[Data provided]

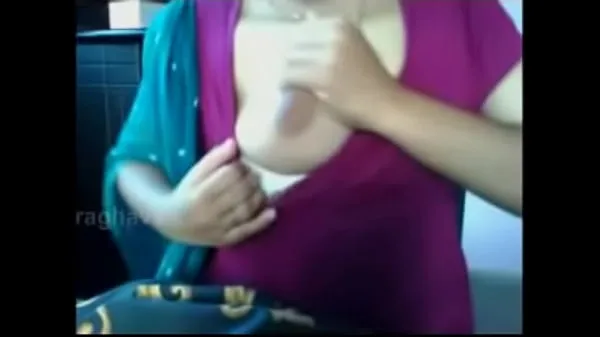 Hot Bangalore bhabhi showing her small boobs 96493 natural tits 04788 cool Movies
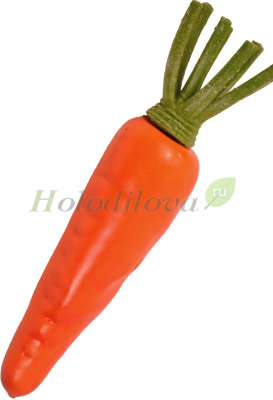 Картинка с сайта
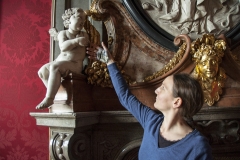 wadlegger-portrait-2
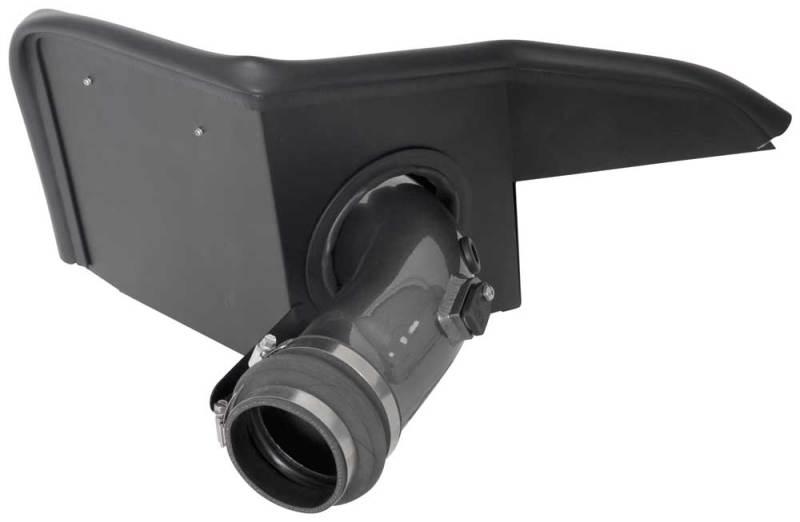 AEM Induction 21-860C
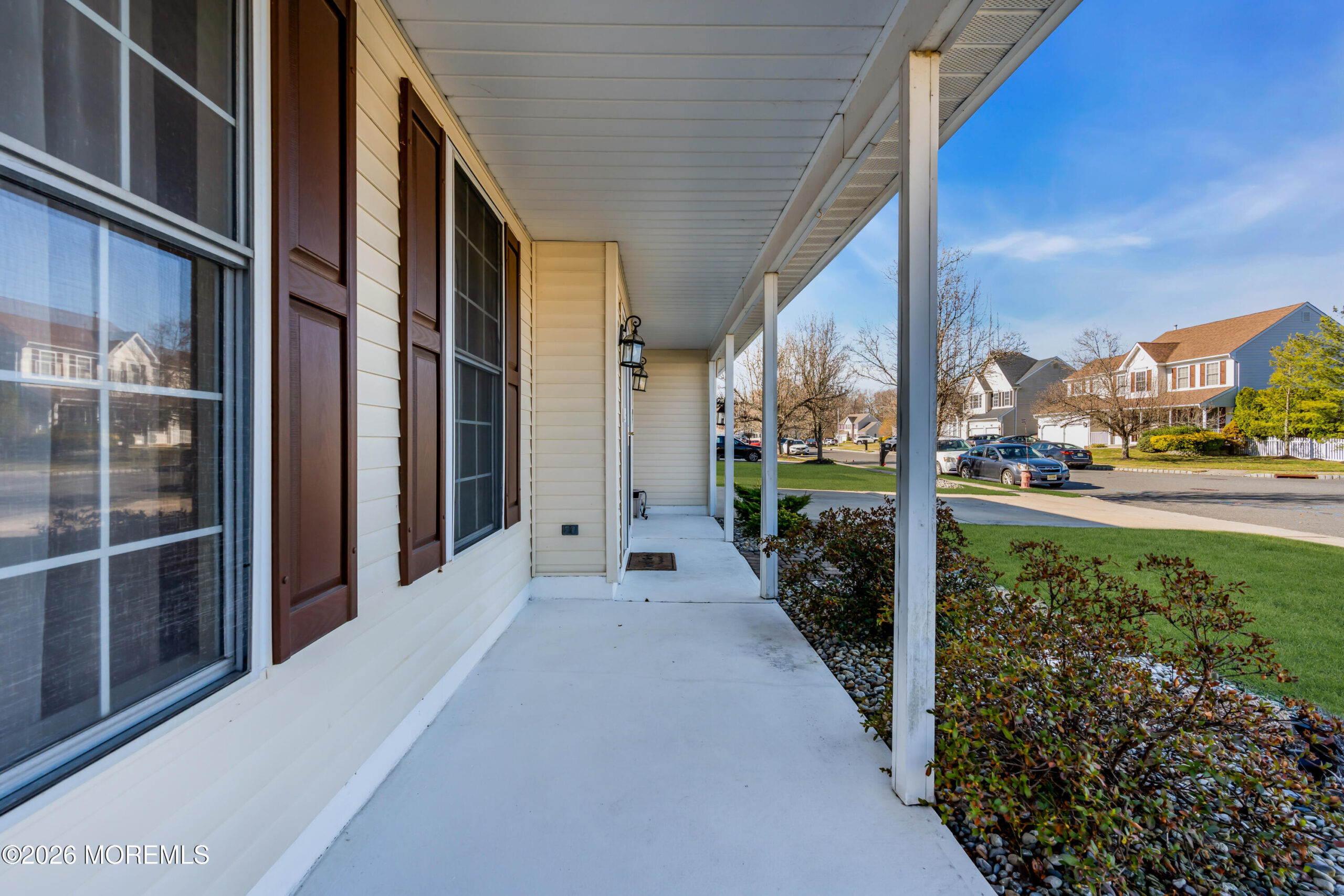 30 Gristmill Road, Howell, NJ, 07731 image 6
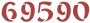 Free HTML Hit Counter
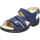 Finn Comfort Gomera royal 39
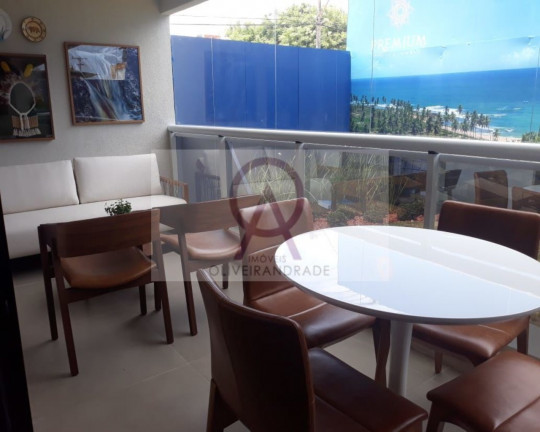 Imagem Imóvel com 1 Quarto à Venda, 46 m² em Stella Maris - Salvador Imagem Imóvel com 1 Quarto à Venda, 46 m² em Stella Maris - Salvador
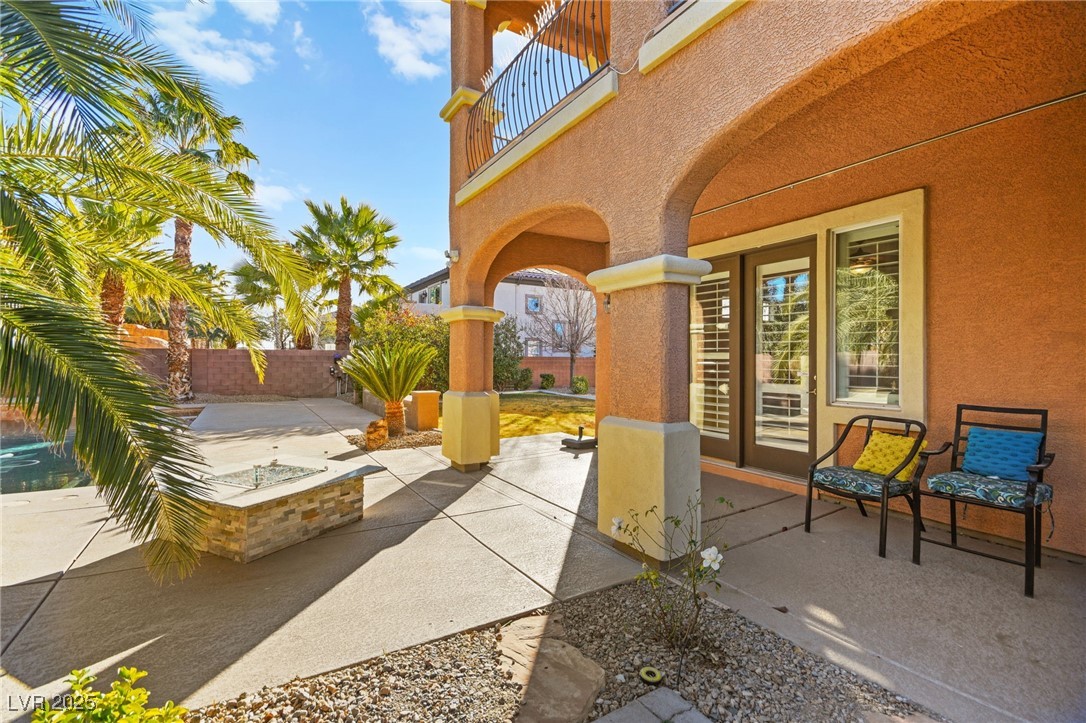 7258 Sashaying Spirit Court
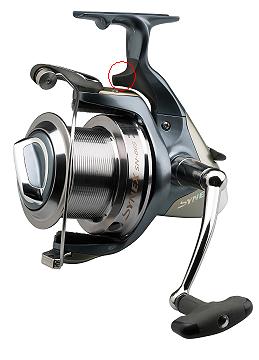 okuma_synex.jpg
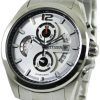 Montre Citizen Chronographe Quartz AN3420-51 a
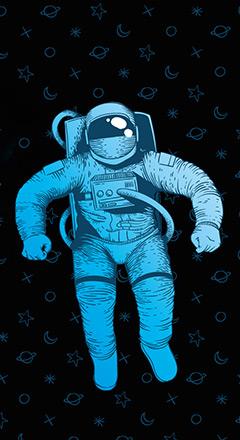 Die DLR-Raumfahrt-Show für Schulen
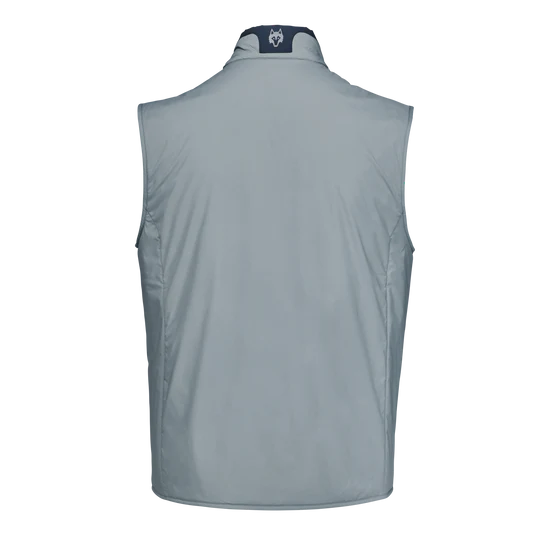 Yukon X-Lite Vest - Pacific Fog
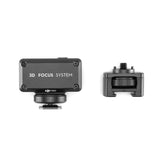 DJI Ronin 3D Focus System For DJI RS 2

[/Data provided]

## Task objective
Once the line containing "30 Gristmill Road, Howell, NJ, 07731 image 6" is found, transcribe it and the rest of the lines to the end of the listing above exactly, omitting all pictures.

## Worked solution
 30 Gristmill Road, Howell, NJ, 07731 image 6
 Free HTML Hit Counter
 Finn Comfort Gomera royal 39
 Imagem Imóvel com 1 Quarto à Venda, 46 m² em Stella Maris - Salvador Imagem Imóvel com 1 Quarto à Venda, 46 m² em Stella Maris - Salvador
 7258 Sashaying Spirit Court
 okuma_synex.jpg
 Montre Citizen Chronographe Quartz AN3420-51 a
 Die DLR-Raumfahrt-Show für Schulen
 Yukon X-Lite Vest - Pacific Fog
 DJI Ronin 3D Focus System For DJI RS 2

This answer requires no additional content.